Virtual Memory: The Illusion of Private RAM

Every process on a Linux system believes it has the machine's entire address space to itself. That belief is constructed entirely by the kernel and the CPU's memory management unit — and it is one of the most consequential abstractions in systems software.

Open two terminals and run echo $$ in each. Two different PIDs. Both processes have a stack at roughly the same virtual address. Both have their C library mapped at roughly the same virtual address. Neither is aware the other exists, and neither can read the other's memory.

One machine. One physical RAM. Two completely isolated views of it.

This is virtual memory.


The Problem It Solves

Physical RAM is a shared resource. Every process on the system uses the same physical chips. Without some mechanism for isolation, any process could read or write any other process's memory — accidentally through a bug, or deliberately through an exploit. The kernel itself would be readable and writable by any process. Nothing would be safe.

The naive solution — giving each process its own dedicated region of physical RAM — does not scale. A machine with 16 GB of RAM cannot run a hundred processes each expecting gigabytes of address space. The addresses in a compiled binary are fixed at compile time; if two copies of the same program run simultaneously, their addresses would collide.

Virtual memory solves both problems. Each process operates on virtual addresses — addresses that mean nothing to the hardware until translated. The CPU translates every virtual address to a physical address before accessing RAM, using a per-process mapping that the kernel controls. Two processes can have the same virtual address map to entirely different physical memory. A process can have a virtual address space far larger than physical RAM. The kernel can revoke access to any region at any time by changing the mapping.


Virtual Address Spaces

On x86-64 Linux with standard 4-level paging, the total virtual address space is 256 terabytes — split between user space and kernel space. The lower half, addresses from 0x0000000000000000 to 0x00007fffffffffff, belongs to the process: 128 terabytes of user-space virtual address capacity, most of which is unmapped. Accessing an unmapped address faults immediately. The upper half is reserved for the kernel, mapped into every process's page tables but only accessible at ring 0. A user process that tries to read a kernel address gets a page fault, not kernel data.

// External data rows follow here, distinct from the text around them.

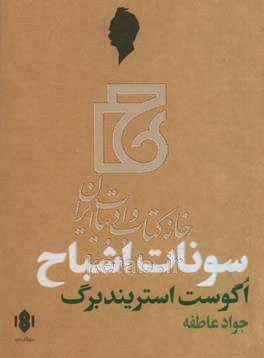 سونات اشباح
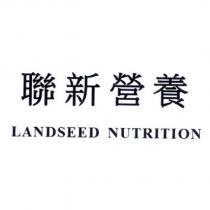 聯新營養 LANDSEED NUTRITION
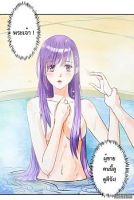 There is A Problem with The Bath - Action, Comedy, Fantasy, Manhua, Romance, Supernatural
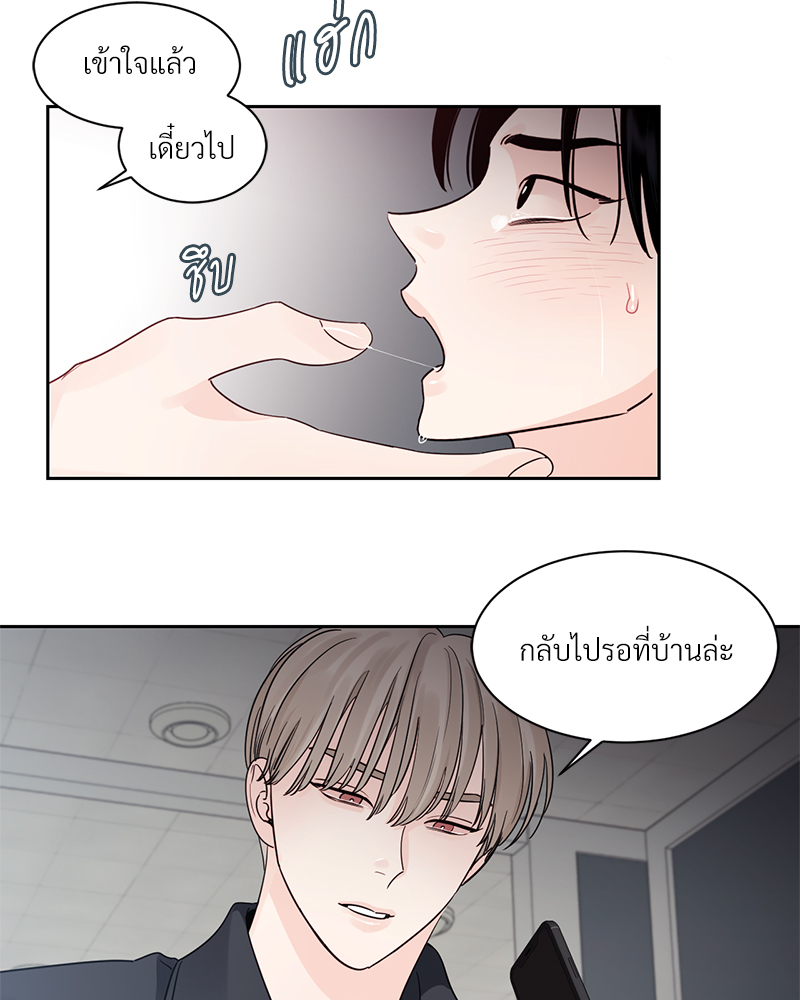 หน้า 62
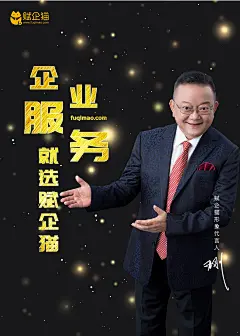 孙召聪-赋企猫形象代言人王刚海报商标专利资质许可证贯标认证注册公司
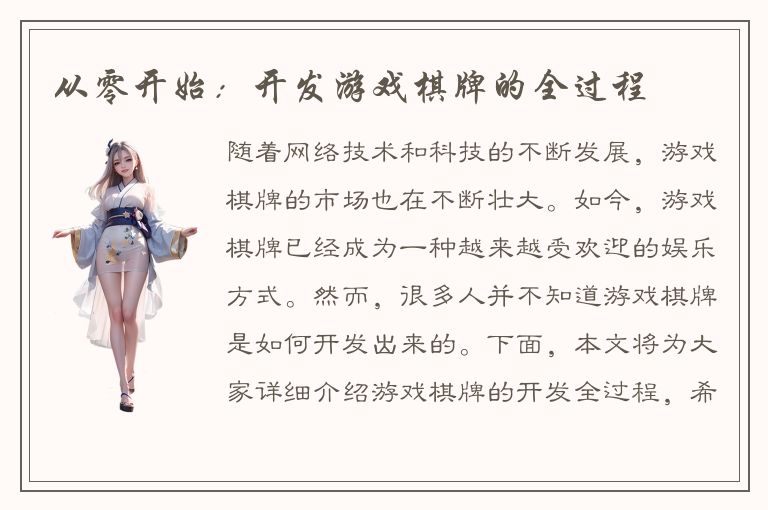 从零开始：开发游戏棋牌的全过程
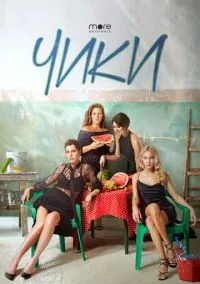 Чики (2020) 1 сезон смотреть онлайн на лордфильм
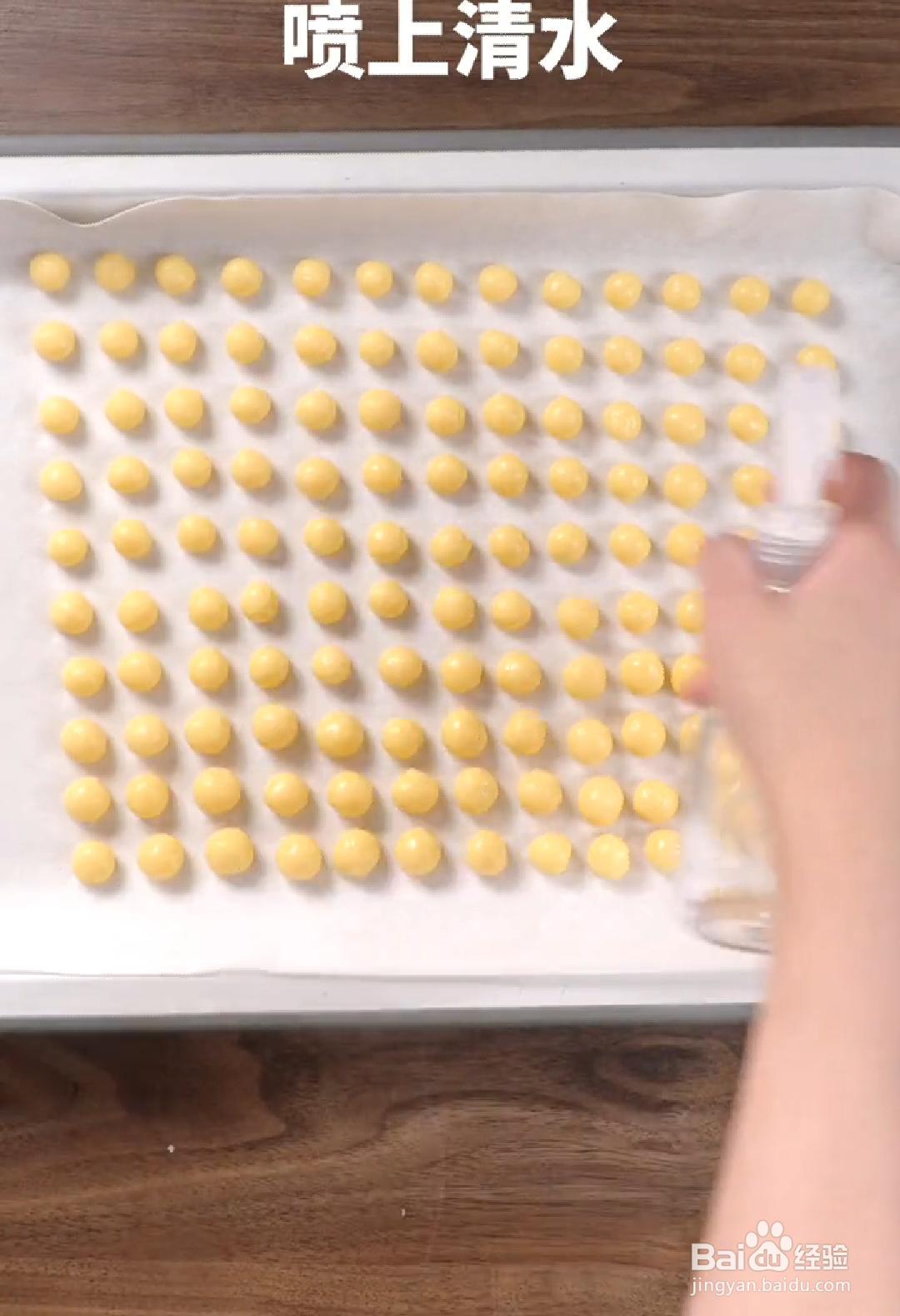 如何做出浓郁牛奶香的宝宝小馒头？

Within the user portion, different regions serve different purposes. The text segment holds the program's executable code. The data segment holds global and static variables. The heap grows upward from a base address as the program allocates memory. The stack grows downward from a high address. Shared libraries are mapped into the address space at load time. These regions are not adjacent — there are large unmapped gaps between them. That is deliberate: accessing a gap produces a fault, which catches bugs like NULL pointer dereferences and stack overflows before they silently corrupt memory.


Page Tables

The CPU does not translate addresses one byte at a time. It works in fixed-size chunks called pages. On x86-64 Linux, the default page size is 4 kilobytes — 4096 bytes. Every virtual address belongs to a page, and the translation unit is the page, not the individual byte.

The mapping from virtual pages to physical pages is stored in a data structure called a page table. Each process has its own page table, maintained by the kernel in physical memory. The page table is a multi-level tree — on x86-64 Linux it is four levels deep (five on systems with five-level paging enabled for very large address spaces). Each level is an array of entries, each entry pointing either to the next level or, at the final level, to the physical page frame that holds the actual data.

When the CPU needs to translate a virtual address, it walks this tree. The virtual address is split into index fields — bits that select an entry at each level — and a page offset that identifies the specific byte within the final physical page. The walk produces a physical address, and the CPU uses that to access RAM.

The kernel updates page tables to control what each process can see. Mapping a page makes it accessible. Unmapping it removes access immediately — the next access faults. Changing a mapping's permissions — marking a page read-only, for example — takes effect on the next access to that page. This is how the kernel enforces memory isolation: not by moving data, but by changing what addresses map to.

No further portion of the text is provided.